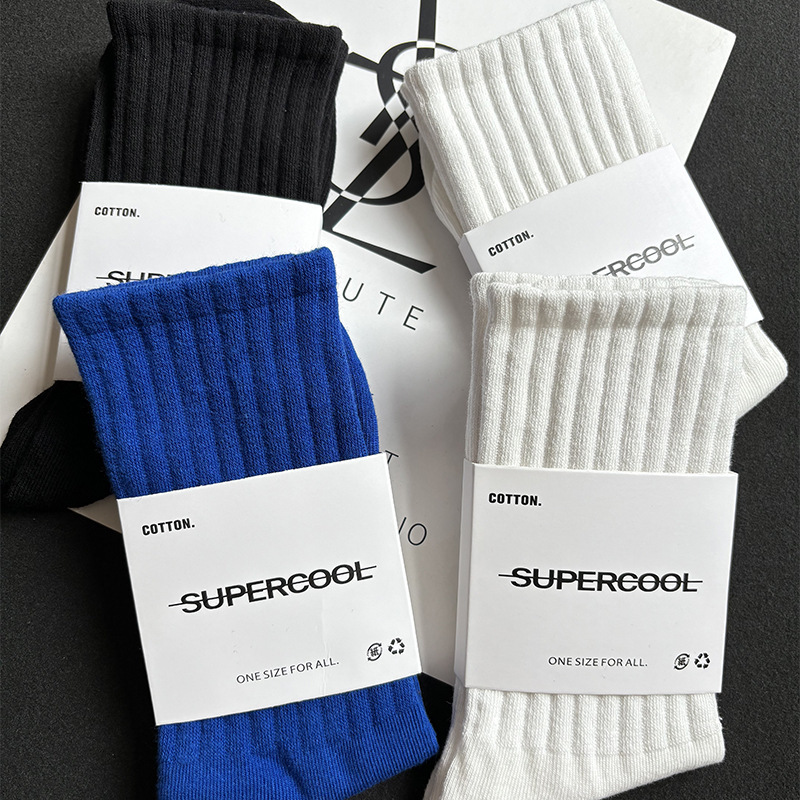 Men's socks socks black and white blue solid color cotton deodorant stockings autumn and winter men's and women's sports socks boys stockings tide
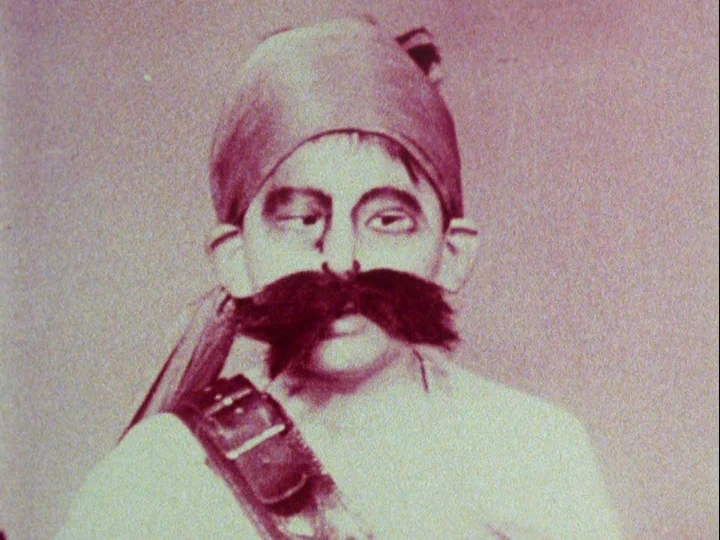 Emperor Tomato Ketchup movie still: closeup — A portrait of a man with a thick mustache and darkened eyes. The subject is framed tightly from the…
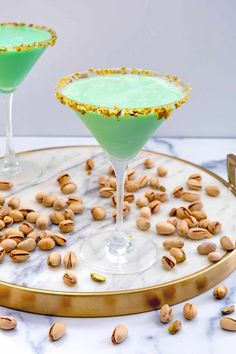 two glasses filled with green liquid and nuts on a marble tray next to each other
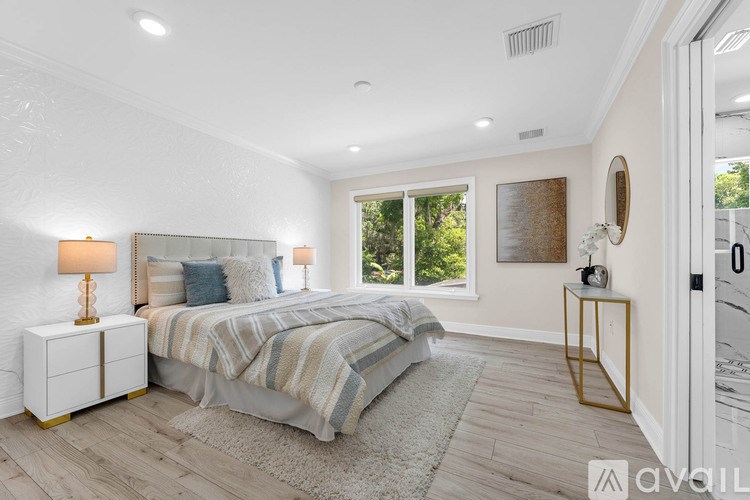 A bedroom with a large bed and a window overlooking greenery.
+---+
Task: When you copy the data above, keep each line exact and omit the pictures.

Exercise solution:
 Men's socks socks black and white blue solid color cotton deodorant stockings autumn and winter men's and women's sports socks boys stockings tide
 Emperor Tomato Ketchup movie still: closeup — A portrait of a man with a thick mustache and darkened eyes. The subject is framed tightly from the…
 two glasses filled with green liquid and nuts on a marble tray next to each other
 A bedroom with a large bed and a window overlooking greenery.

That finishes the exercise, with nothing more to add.